• [Problem to solve]: Without changing a word, repeat the data, and include no pictures.

====== Supplied information ======

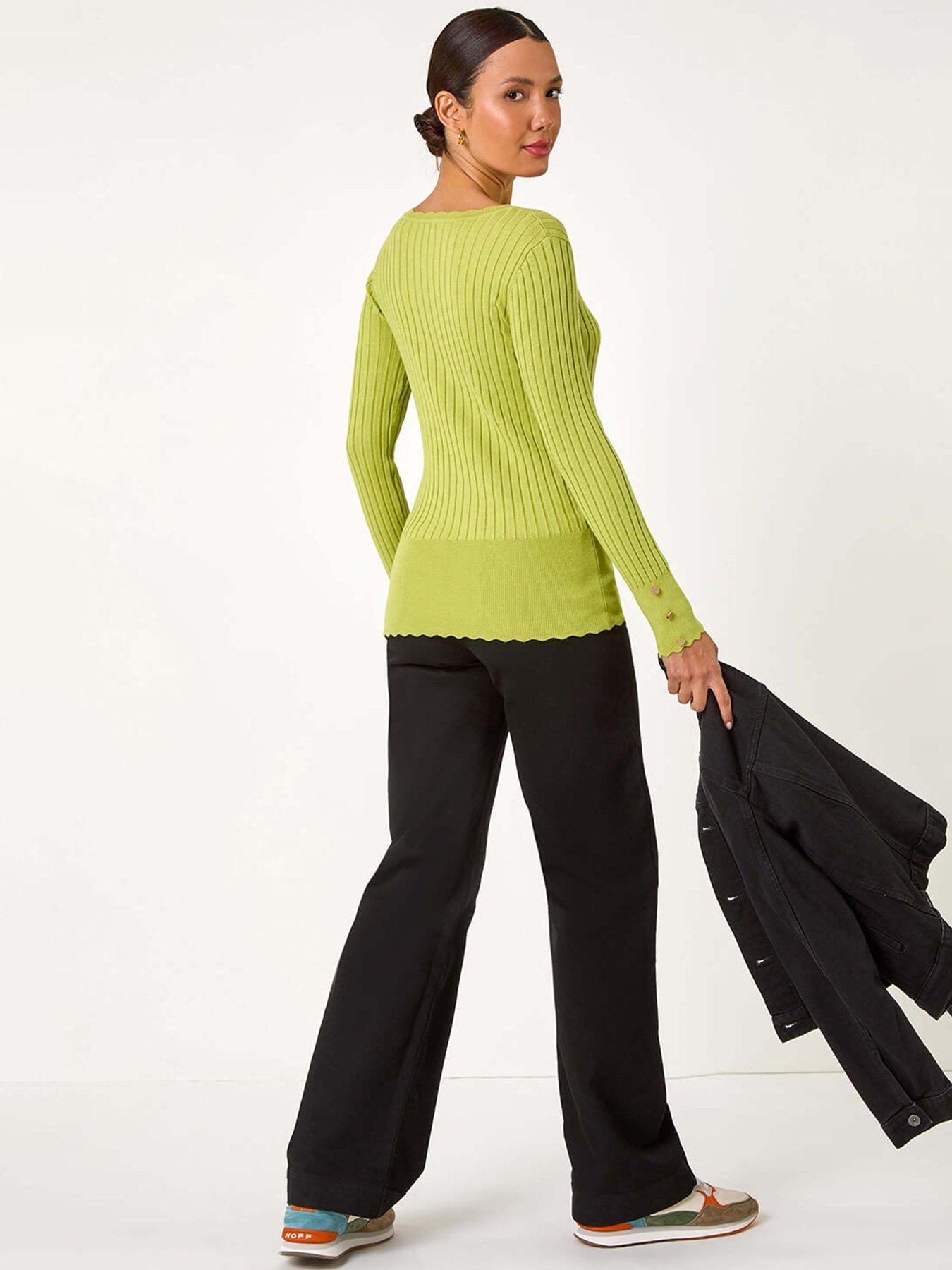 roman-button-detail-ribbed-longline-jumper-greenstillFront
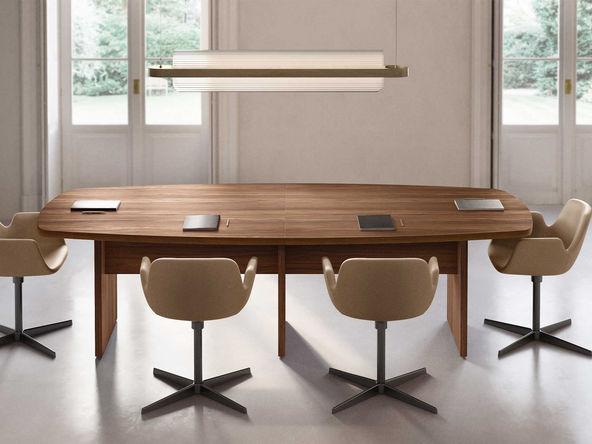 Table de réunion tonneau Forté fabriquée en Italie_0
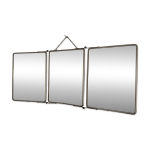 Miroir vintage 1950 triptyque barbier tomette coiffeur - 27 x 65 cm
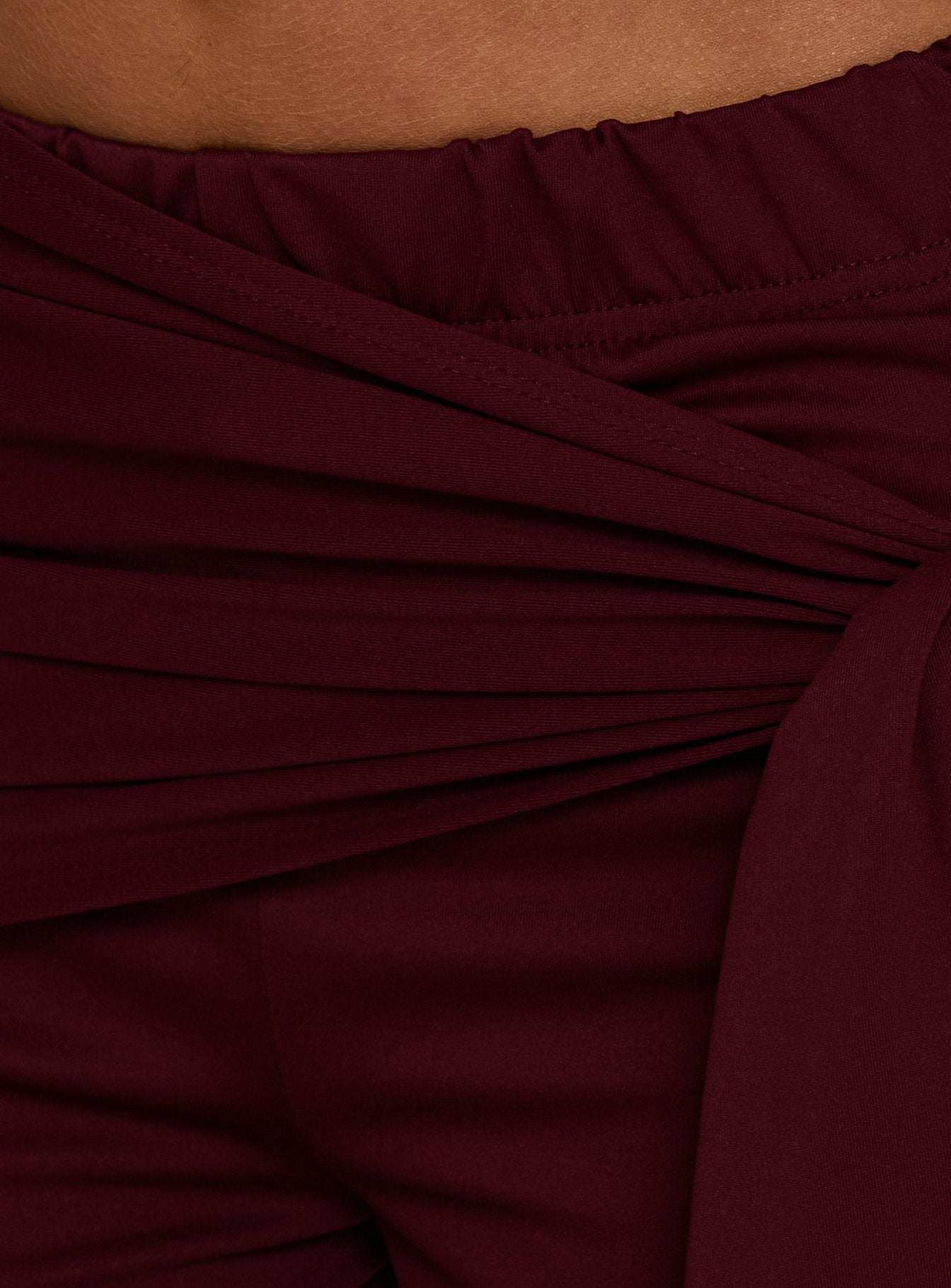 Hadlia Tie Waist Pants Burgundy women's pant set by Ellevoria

======

• [Solution for this exercise]:
 roman-button-detail-ribbed-longline-jumper-greenstillFront
 Table de réunion tonneau Forté fabriquée en Italie_0
 Miroir vintage 1950 triptyque barbier tomette coiffeur - 27 x 65 cm
 Hadlia Tie Waist Pants Burgundy women's pant set by Ellevoria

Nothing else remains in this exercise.